A1: Well, for me, I actually dah find it th_the hardest to/to do it when I’m talking to
someone I’d say d_d_d_directly.
A2: _o sujeito encontra-se um pouco agitado, é possível perceber que ele está ansioso_
Hmmm, for me, I would say it’s most be-ne-ficial when like I would say because aah
when I’m talking to my _pausa_ friends aah they have a lot more _pausa_ patience for
me because they/they know that I_I stutter so they/so they say to me “oh it’s fine”...
CONSIDERAÇÕES FINAIS
Na busca por uma melhor compreensão das estratégias utilizadas por pessoas com
gagueira e sua validade em relação à atenuação do distúrbio, foram discutidos outros aspectos
importantes e, comumente, ignorados que têm relação com a gagueira. A partir do que foi
analisado à luz do modelo dialético-histórico e da Análise do Discurso, pôde-se chegar à
conclusão de que essas estratégias só serão proveitosas para o sujeito que gagueja caso sejam
desenvolvidas em um ambiente saudável e se possível com o acompanhamento
fonoaudiológico. Caso contrário, essas técnicas funcionam apenas como um instrumento de
defesa da criança que foi exposta a situações comunicacionais paradoxais (FRIEDMAN,
1986, 2004), nas quais ela encontra-se perdida entre a vontade e o medo de falar.
Nesse sentido, pode-se retomar Orlandi (1987) e comentar como as relações de força
entre os sujeitos com gagueira - especialmente aqueles que são crianças - e os seus pais e as
figuras de autoridade em sua vida podem intensificar ou amenizar o distúrbio durante a
primeira infância. Ao confundir as disfluências das crianças com um distúrbio de linguagem e
atribuir a elas a identidade de uma pessoa “gaga”, estigmatizando essa pessoa que ainda não
está totalmente formada e, para a qual, a fala tem um “sentido prático e social” (FRIEDMAN,
1986), esses adultos estão rejeitando a forma de linguagem dessa criança e fazendo com que
ela não se desenvolva corretamente, tendo em vista que
A fala adequada se desenvolve em um contexto onde as relações de
comunicação preservam a espontaneidade e reforçam a capacidade; quando
estas impõem restrições à forma espontânea manifestada, reforçam a
incapacidade e acabarão prejudicando o seu desenvolvimento natural.
(FRIEDMAN, 1986, p. 17)
Ou seja, a manifestação da gagueira e sua intensificação em situações em que a pessoa
encontra-se mais ansiosa tem muito mais a ver com a forma como os pais lidaram com as
disfluências características do período da aquisição da linguagem oral e como eles lidam com
a gagueira propriamente dita após a infância. No artigo, isso pôde ser exemplificado a partir
do estudo de Dehqan et al. (2008), no qual os pesquisadores demonstraram como o ritmo de
fala das mães influencia na gravidade da gagueira de seus filhos.

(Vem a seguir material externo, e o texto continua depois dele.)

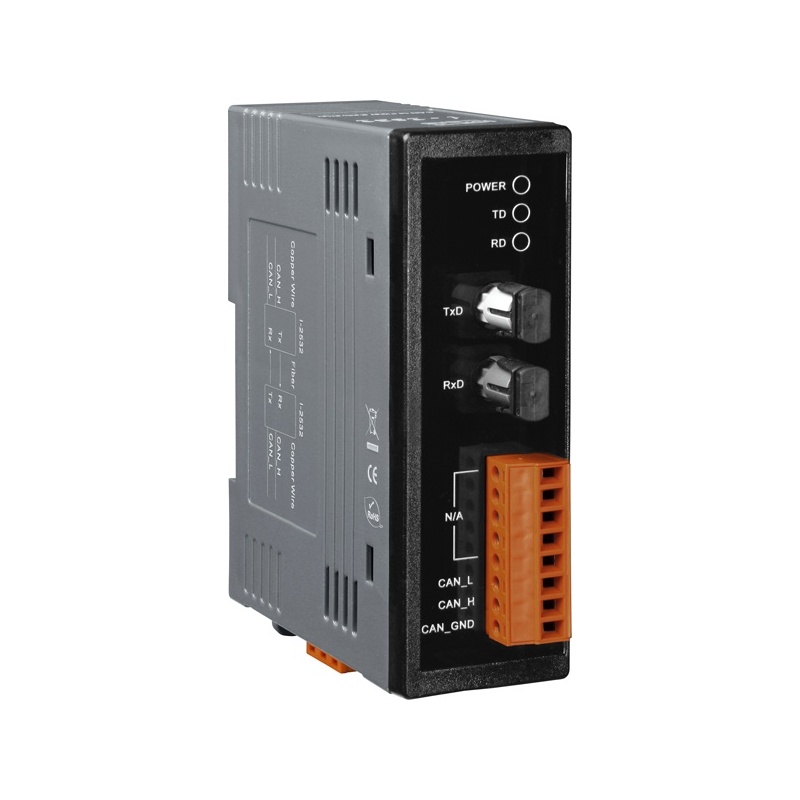 ICP DAS I-2532 ICP DAS I-2532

Dessa forma, pode-se afirmar que, apesar da aparência da gagueira ser comum a todos
que a tem, a manifestação dela pode ocorrer por diversos fatores, sendo um deles a falta de
tato das figuras parentais ao lidarem com as disfluências das crianças. Além disso, ficou claro
que a utilização de estratégias - dependendo de como sejam desenvolvidas - podem, sim, ser
benéficas para os sujeitos que gaguejam.